Output the lines of the entries below beginning at the one with "China Southern Airlines" and ending with the last, exactly as written and without pictures.

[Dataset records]
+++

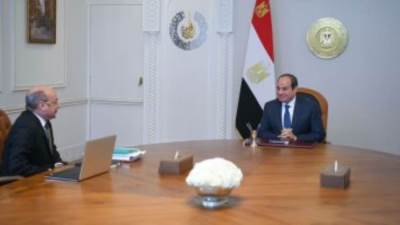 الرئيس السيسى يتابع مع وزير العدل قانون الأحوال الشخصية للمواطنين المسيحيين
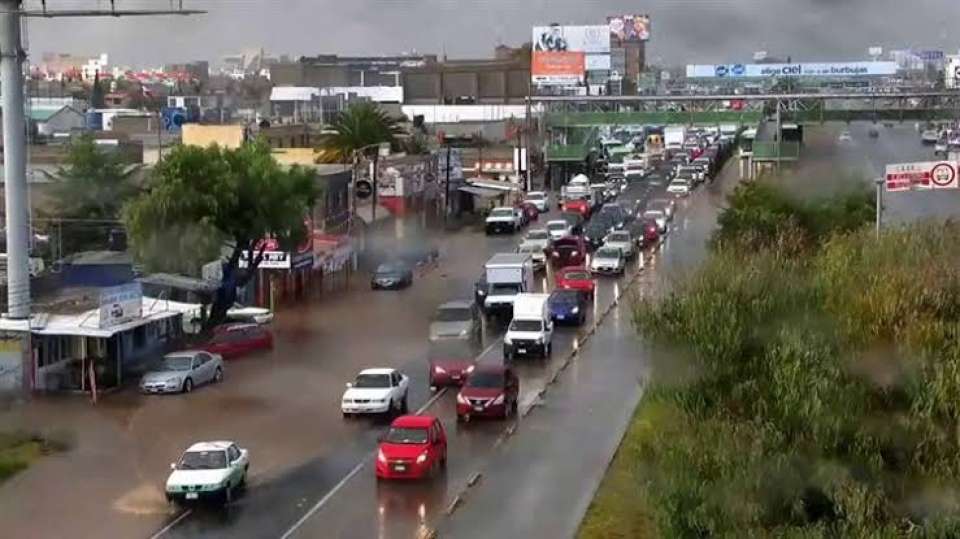Advierten por posibles anegamientos en zonas residenciales de Pachuca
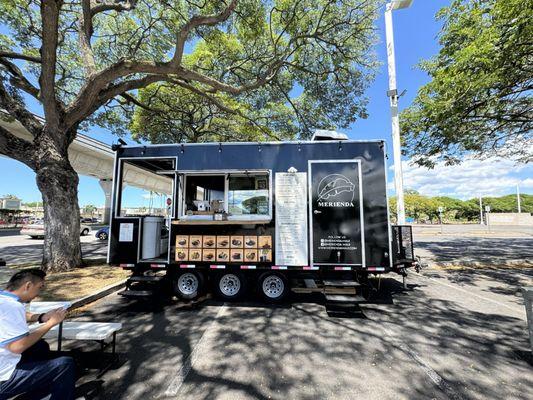 Truck- in Pearlridge lot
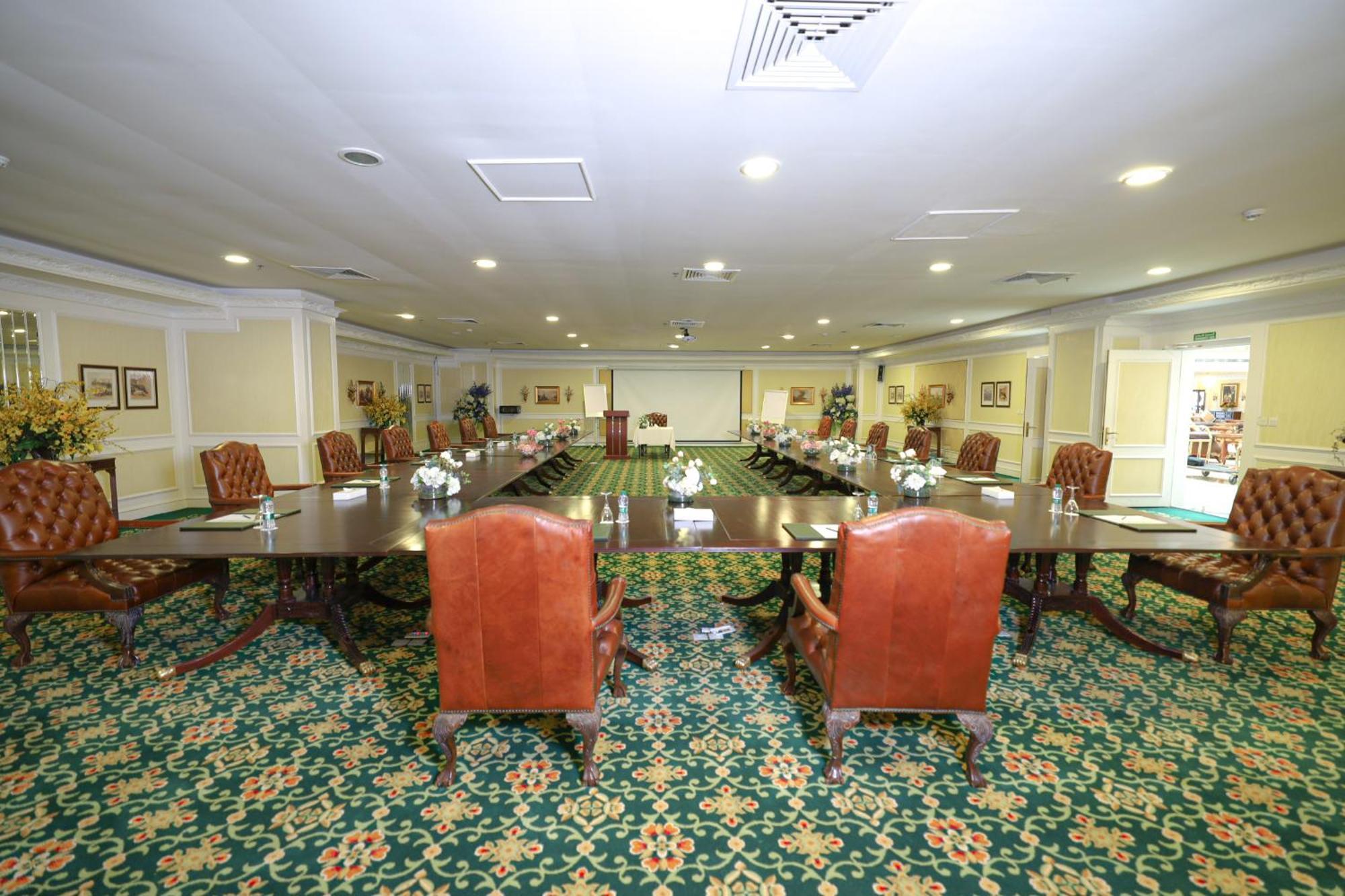 Habitat All Suites, Al Khobar Exterior photo The boardroom at the 1901 Club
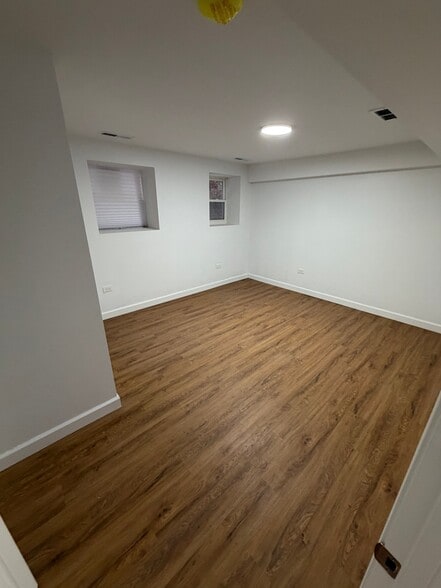 Building Photo - 1657 S Central Park Ave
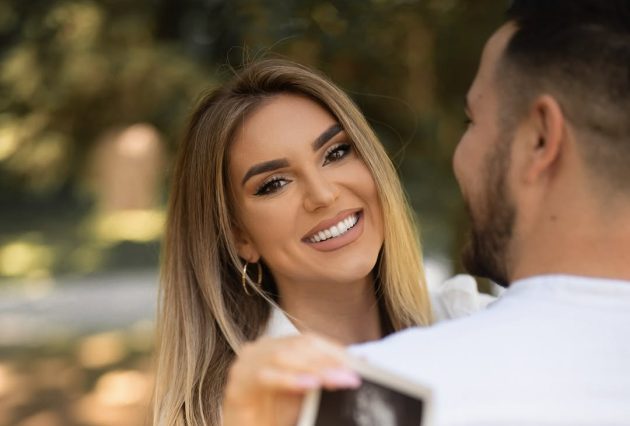 Porodila se pre nepunih mesec dana, a već se vraća na scenu: Antonija Čerkez otkrila kad je zakazala prvu svirku 2 MAMA 💙Najljepse stvari u zivotu dugo ostanu skrivene — cuvaju se u tisini od pogleda od buke e1761922966648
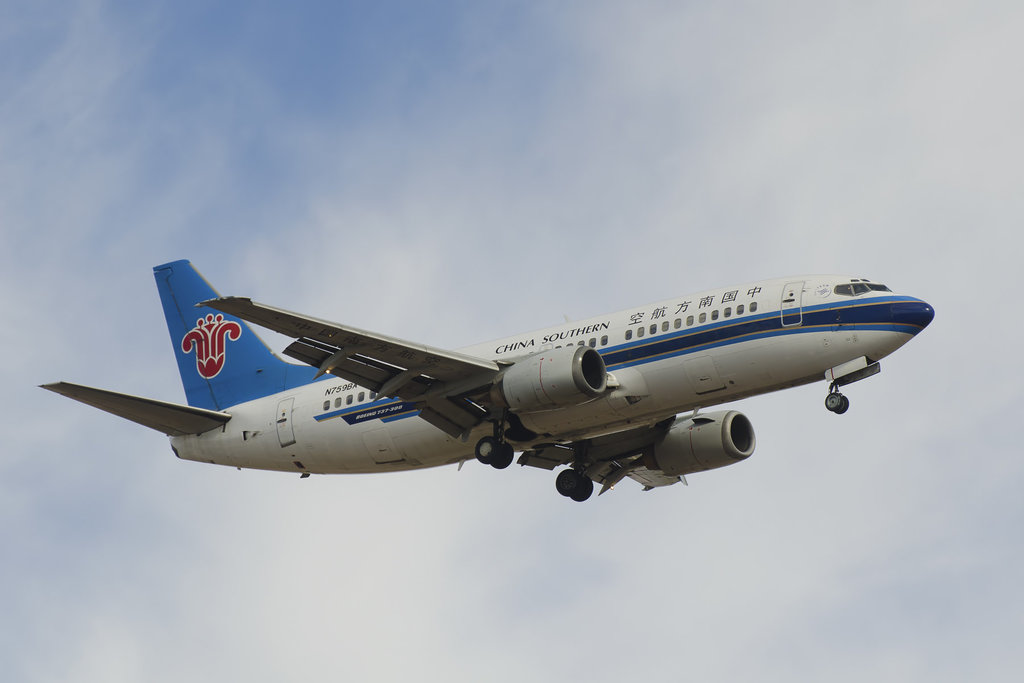 China Southern Airlines Boeing 737 B-2921 (N759BA)
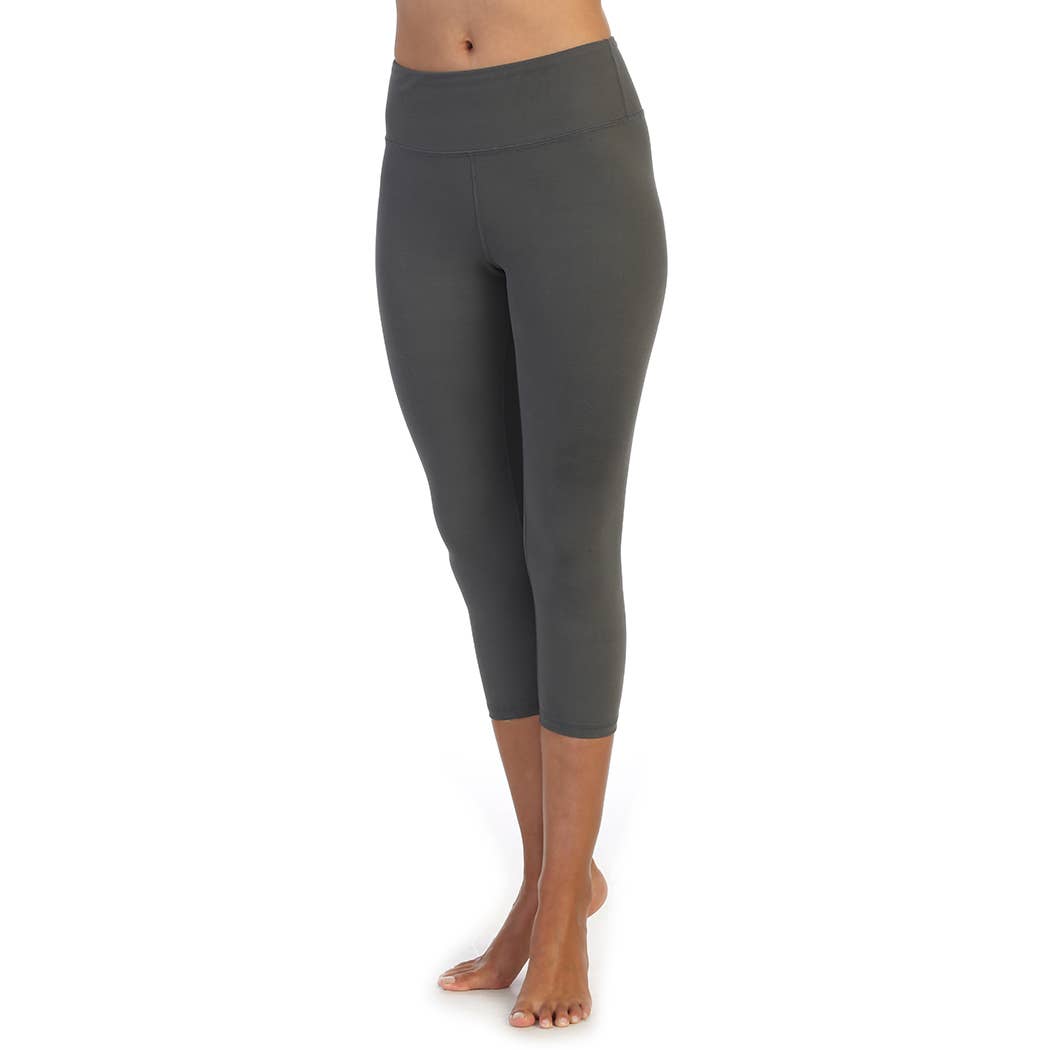 American Fitness Couture - Wholesale Athletic/Lounge Leggings - Women's - High Waist 3/4 Length Compression Leggings8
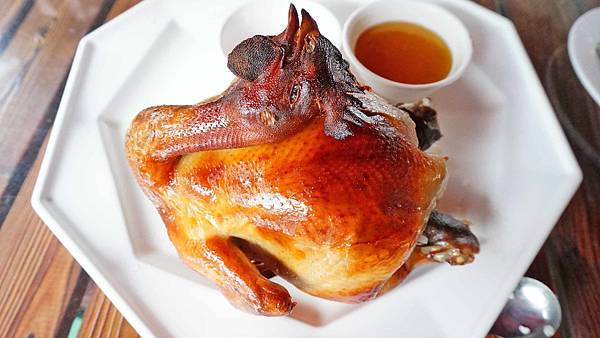 【八里美食】左岸甕仔雞-皮脆內嫩不乾柴又下飯的美味烤雞 【八里美食】左岸甕仔雞-皮脆內嫩不乾柴又下飯的美味烤雞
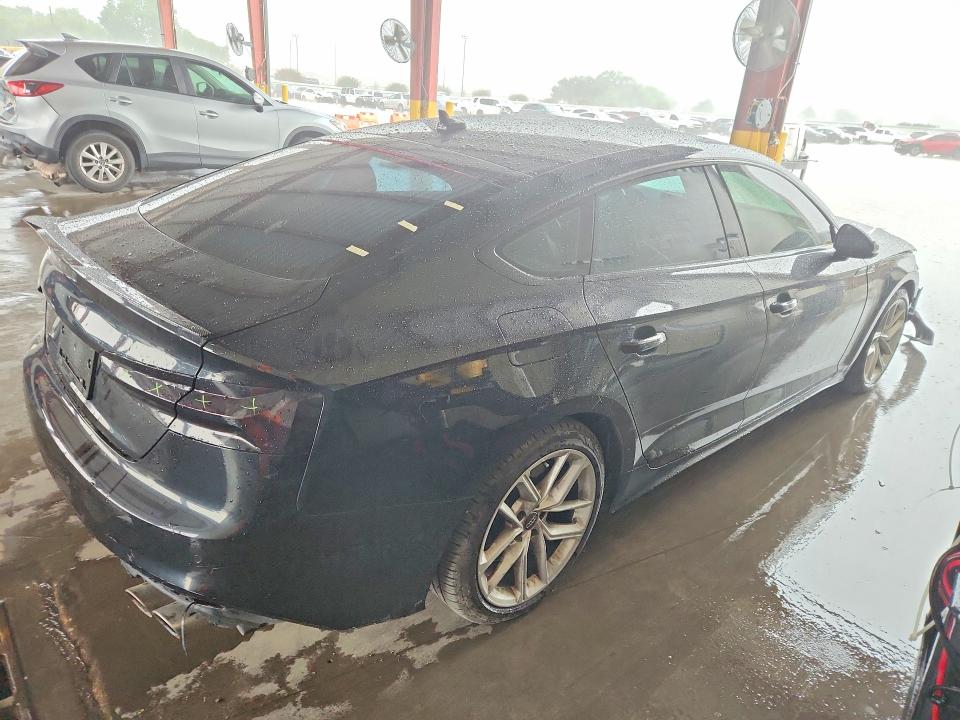 Photo 3 from auction – 2021 AUDI S5 with VIN WAUC4CF56MA002645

+++

**Finished exercise:**
 China Southern Airlines Boeing 737 B-2921 (N759BA)
 American Fitness Couture - Wholesale Athletic/Lounge Leggings - Women's - High Waist 3/4 Length Compression Leggings8
 【八里美食】左岸甕仔雞-皮脆內嫩不乾柴又下飯的美味烤雞 【八里美食】左岸甕仔雞-皮脆內嫩不乾柴又下飯的美味烤雞
 Photo 3 from auction – 2021 AUDI S5 with VIN WAUC4CF56MA002645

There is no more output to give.